Mysteries and heist films work best when they both trick an audience and leave enough bread crumbs for perceptive viewers to guess at the workings of the plot. Savvy moviegoers make it very difficult for filmmakers to fool people these days. When it happens, such an experience resonates with folks and compels them to spread the movie suggestion by word of mouth. Knives Out ranks as just that kind of film. Although I have a few misgivings with the plot, I simply can’t deny how much fun it was to watch this mystery unfold. Knives Out mixes equal parts Clue and Memento for an exciting howdunit more than a whodunit.
Writer/director Rian Johnson (Looper and Star Wars: The Last Jedi) needed a hit after the mixed response to the last Star Wars movie. He gambled everything on Knives Out, and that bet more than paid off. When best-selling mystery author Harlan Thrombey (Christopher Plummer) winds up dead the day after his 85th birthday, local police and renowned detective Benoit Blanc (Daniel Craig) interview the family members to investigate what happened. Was Harlan murdered? If so, who did it and how? Through the meetings with the attendees at Harlan’s party, Blanc learns that children Linda Drysdale (Jamie Lee Curtis) and Walt Thrombey (Michael Shannon) fought for his attention (and his money) along with daughter-in-law Joni Thrombey (Toni Collette) and grandson Ransom Drysdale (Chris Evans). Everyone’s a suspect with a motive, yet nobody has so far been charged. Central to all of the goings-on in the family mansion, Harlan’s nurse and companion Marta (Ana de Armas of Blade Runner 2049) guides Blanc through the drama and toward a possible explanation for Harlan’s departure.

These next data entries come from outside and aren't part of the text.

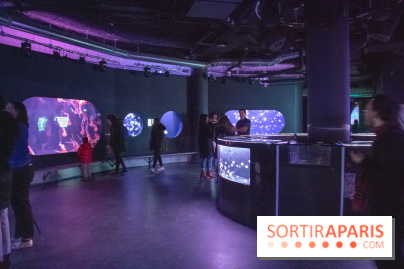 L'Aquarium de Paris ouvre son Médusarium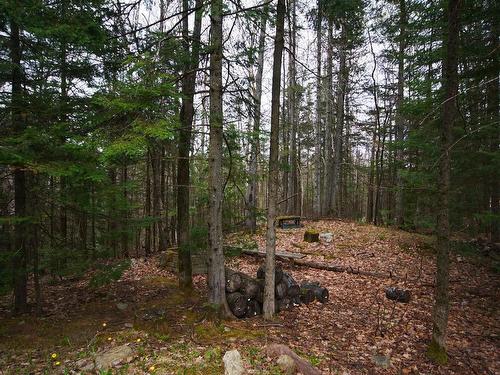 Wooded area - 36 Rue De L'Azur, Wentworth, QC - Outdoor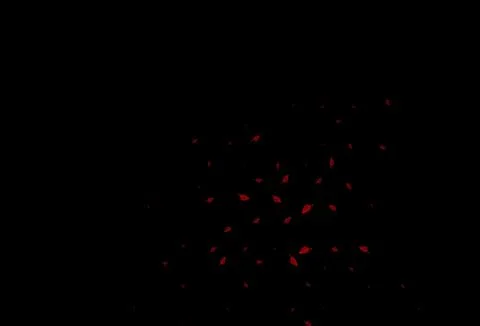 Dark Red vector hand painted pattern. イラスト素材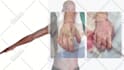 do custom 3d product, science and medical animation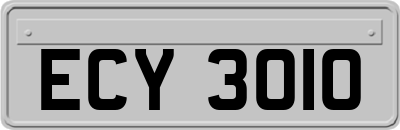 ECY3010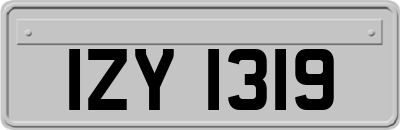 IZY1319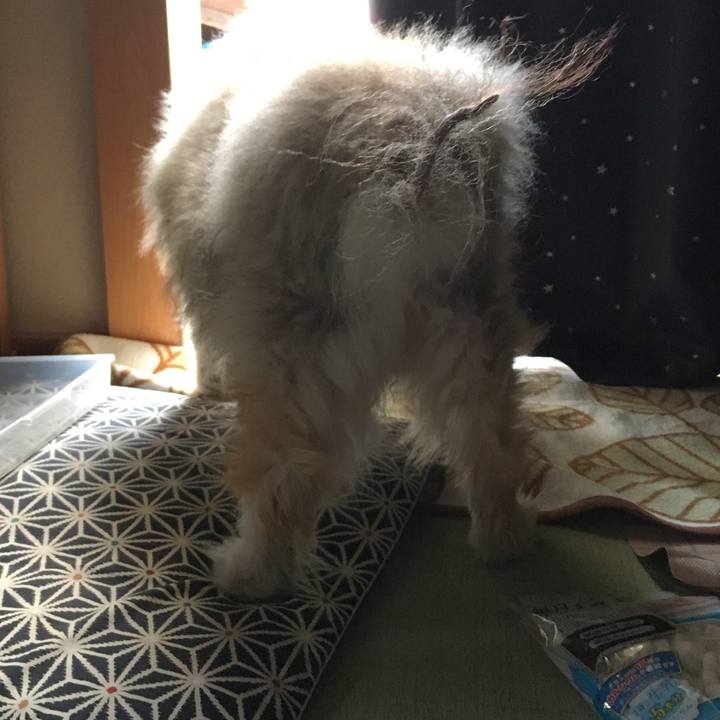 21448d5f 981a 4fd1 a538 cf5a2b04bdd7 1607400888622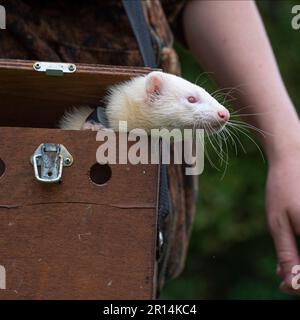 Weißes Frettchen mit Besitzer Stockfoto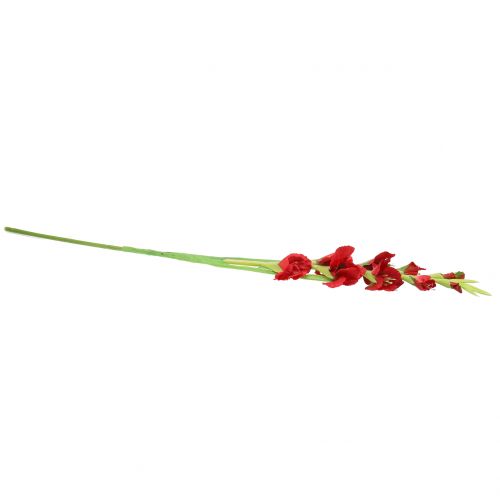 Floristik24 Gladiolus Rød 93cm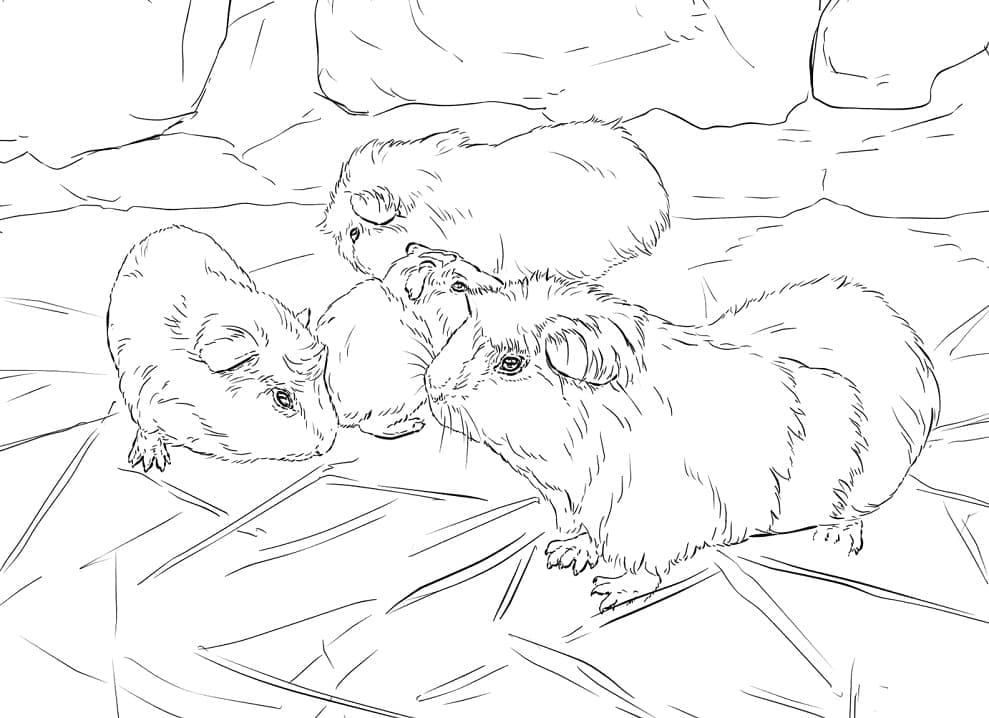 Cavia familie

I love this cast. Even the actors for the smallest roles were chosen carefully. Undoubtedly, de Armas deserves the most praise in this breakout role that challenges her acting skills. Upon a second viewing, watch her every expression and movement to see her subtlety. People might go either way with Craig and his accent and deliberate way of speaking that make him like a Southern Columbo. He won me over from his first appearance. He spouts some memorable dialogue like his description of the reading of a will like “a community theater production of a tax return.” Further comments lead to colorful descriptions of the police and an assessment of the Thrombeys that leads to the film’s title. I can’t remember the last time that Don Johnson had such a meaty role; other directors should take note. I’m not sure why Australian actress Collette adopted a Valley Girl way of speaking, but it’s a testament to her acting abilities and long list of character accents and personas over the years. K Callan plays an older lady almost like a prop than a character because I swear that she never moves other than to briefly speak or blink. For another mystery, see if you can figure out where Joseph Gordon-Levitt fits into the film.
There are so many great elements in Knives Out. The top-notch production design results in a mansion filled with detailed props like Harlan’s books and lots of woodwork and eye candy, especially the Game of Thrones-like sculpture made completely of knives. Speaking of blades, the sharp objects have multiple purposes here, including such mundane tasks like opening a letter or cutting food. You’ll notice more of such details if you see the movie again. Characters lie like crazy, and Johnson deals with that by physically showing different versions of events as culled from their memories. Even the painting of Harlan that appears multiple times seems to change like those famous artworks in The Haunted Mansion at the Disney theme parks. Was Harlan smiling or leering? I mentioned Memento (one of my favorite movies), and Knives Out delivers that kind of experience as you quickly try to put the pieces of information into a coherent outline as Blanc describes them or think about it later after you leave the theater.
I wish that I didn’t find things to criticize. Knives Out still makes my list of favorites of the year, but I can’t ignore some glaring issues. Chief among them is a character trait on which the revelations of the entire mystery hang or at least turn, and I just didn’t buy it. With a few small changes, Johnson could have eliminated my misgivings. In a story that takes place in Massachusetts, where are the accents? The only real accent in the film belongs to Blanc, and we don’t even get some of the lazy Kennedy or fake Boston accents in the characters. They might as well have been in New York or Connecticut. A lot of the plot twists could have been foiled by interruptions or chance, so does the plot really hold together? I would say yes, but others might disagree. Movies make will readings dramatic, yet in most cases, these are non-events in family deaths. Blanc’s quote pokes fun at them, so like the Wilhelm scream, Johnson may have felt compelled to include one anyway.
If Knives Out proves anything, we need more original movies. With so many sequels and adaptations filling theaters, a film like this brings people back to theaters as much as the blockbusters. I especially look forward to other original films by Johnson as much as I can’t wait for more from Jordan Peele after Get Out and Us. Pay attention to every detail… or don’t; either way, this mystery tinged with humor will leave you with a smile on your face and an immediate desire to discuss with friends what happened over a meal or coffee with your wits out.